<W杯スキー:男子ジャンプ>◇個人第13戦◇11日◇オーストリア・バートミッテルンドルフ、フライングヒル(HS200メートル、K点185メートル)

 ソチ五輪代表の41歳7カ月の葛西紀明(土屋ホーム)が、2回合計391・6点で優勝した。09年3月に岡部孝信(雪印メグミルク)が記録したW杯史上最年長優勝(38歳4カ月)を大幅に更新。自身の勝利も04年2月のパークシティー大会(米国)以来10季ぶりで、日本単独最多となる16勝目と記録ずくめとなった。

 今までに見たことのない光景が、目の前に広がっていた。葛西の史上最年長優勝が決まると、各国のライバルたちが滑り終えたランディングバーンに集まり、お辞儀をし、握手を求め、抱擁してきた。コーチボックスでは、日本人コーチだけでなく、外国人コーチたちも喜び笑顔を浮かべる。「レジェンド(伝説)」と言われる男の快挙を世界が祝福した。自身10季ぶりの勝利は、日本単独最多となる16勝目。「ようやく勝てた。緊張や不安に勝ててうれしい」と待ちに待った勝利に喜びを隠さなかった。

 向かい風の難しい条件だった1回目に196メートルを飛び首位。勢いに乗り迎えた2回目は、力強く飛び出すときれいな放物線を描いて197メートルまで飛距離を伸ばした。風邪気味で体調は万全ではなかったとはいえ、二十数年、世界のトップに君臨し続け、誰よりも遠くに飛ぶことを欲する男が、大好きなフライングヒルで金字塔を打ち立てた。「2回目を飛んだ瞬間からしばらく覚えていない。五輪はもっと重圧がかかる。こういう経験ができて良かった。五輪でもいい成績が出せると思う」と自信を深めた。

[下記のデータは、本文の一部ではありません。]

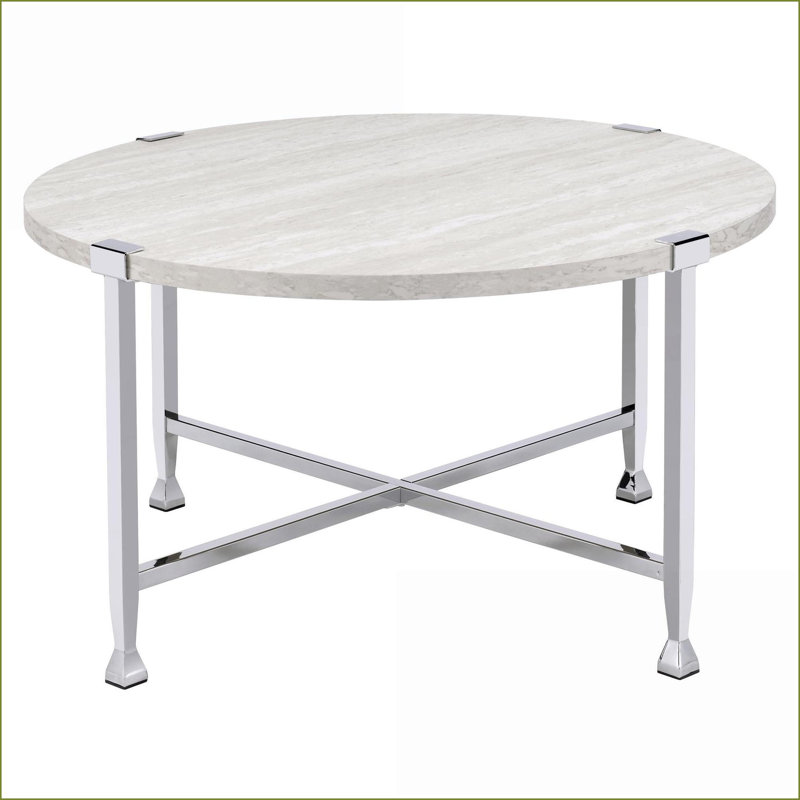 Table basse industrielle ronde en chêne blanc et chrome pour le salon - Maximiser la surface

 有言実行だった。昨年12月に3位に入ったのを含め、今季これで11戦中9戦でシングル順位に入るなど好調を維持。年末年始のW杯遠征の出発前に「そろそろ勝てるような気がする。チャンスをつかみたい」と口にしていたが、あっさり現実にした。

 7日には、世界最多となる7回目の五輪代表が決まった。過去6度の五輪は、94年リレハンメル大会団体銀メダルのみで、98年長野大会では直前の練習でケガをし、団体メンバーから外れ金メダルを逃した。悲運のエースと言われ、屈辱にまみれてきたが「不惑の年」を超え、ようやく機は熟した。五輪での個人種目の最年長金メダルは39歳6カ月。悲願を果たし、新たな「伝説」を作る。

 ◆葛西紀明(かさい・のりあき)1972年(昭47)6月6日、北海道・下川町生まれ。東海大四高1年で世界選手権に初出場し、16歳8カ月の日本人男子の最年少出場記録を樹立した。W杯初出場(16歳6カ月)初優勝(19歳9カ月)も当時の最年少記録。94年リレハンメル五輪団体銀メダル。世界選手権では通算6個のメダルを獲得。177センチ、61キロ。独身。